4.    Cardiac tissue immunostaining, electron microscopy, ex vivo two-photon microscopy, and in vitro experiments revealed that, while CCR2- macrophages establish physical contact with adjacent cardiomyocytes through focal adhesion complexes, CCR2- macrophages do not directly contact cardiomyocytes.

5.    In vitro mechanical stretching experiments showed that macrophages are involved in the detection of mechanical strain via the Transient Receptor Potential Cation Channel TRPV4, which translates in enhanced expression of pro-angiogenic and remodeling factors (i.e. IGF1, HBEGF, and CYR61).

6.    Finally, the authors assess the functional relevance of TRPV4 in vivo through chemical activation or inhibition in chronically failing hearts. These experiments demonstrate that TRPV4 regulates expression of the pro-angiogenic factor IGF1 in cardiac macrophages. In addition, inhibition of TRPV4 in chronically failing hearts mimics the phenotype described for mice with CCR2- macrophage depletion (reduced LV dilation and impaired vascular network expansion), suggesting that TRPV4 action associates to these macrophages.

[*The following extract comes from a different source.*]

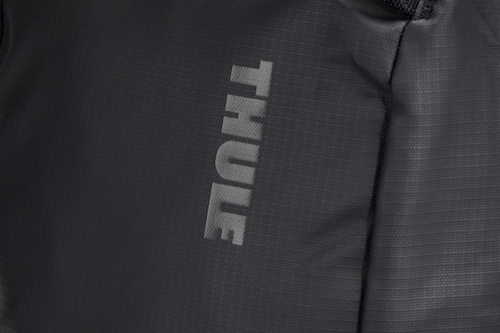 THULE TACT SLING 8L - BLACK, afbeelding 7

In conclusion, Wong et al. propose that, in the failing heart, CCR2- macrophages sense mechanical stretch thanks to their interactions with neighboring cardiomyocytes, get activated via TRPV4, and secrete growth factors that promote adaptive left ventricular remodeling and coronary angiogenesis. Thus, they ultimately contribute to the survival of the chronically failing heart.

Questions for the authors

1.    The authors compared physiological versus maladaptive cardiac remodeling, highlighting that transcriptional activation patterns differ from one to another. Do they hypothesize that TRPV4 activation in CRMs is exclusive for chronic heart failure and would not be seen, for example, in exercise-conditioned cardiac hypertrophy?

2.    Cardiac fibrosis is central to the pathology of heart failure, particularly heart failure with preserved ejection fraction [2, 3]. How inconvenient could be the lack of interstitial fibrosis in Tnnt2ΔK210/ΔK210 mice for the current study when compared to other chronic heart failure models that induce myocardial fibrosis (e.g. transverse aortic constriction (TAC) or isoproterenol infusion)?

3.    Tnnt2ΔK210/ΔK210 KO mice are already born with impaired myocardial contractility and heart function. Have the authors considered the additional use of an inducible model of cardiomyopathy to corroborate the findings?

4.    Why have the authors chosen to perform a microarray instead of a RNA-seq, which will be more informative? Transcriptional analysis reveals alternative functions for CCR2- and CCR2+ macrophage populations. Have the authors performed functional in vitro experiments to further support this finding?

References

1.        Nag, A.C., Study of non-muscle cells of the adult mammalian heart: a fine structural analysis and distribution. Cytobios, 1980. 28(109): p. 41-61.

2.        Sweeney, M., B. Corden, and S.A. Cook, Targeting cardiac fibrosis in heart failure with preserved ejection fraction: mirage or miracle? 2020. 12(10): p. e10865.

3.        González, A., et al., Myocardial Interstitial Fibrosis in Heart Failure: Biological and Translational Perspectives. J Am Coll Cardiol, 2018. 71(15): p. 1696-1706.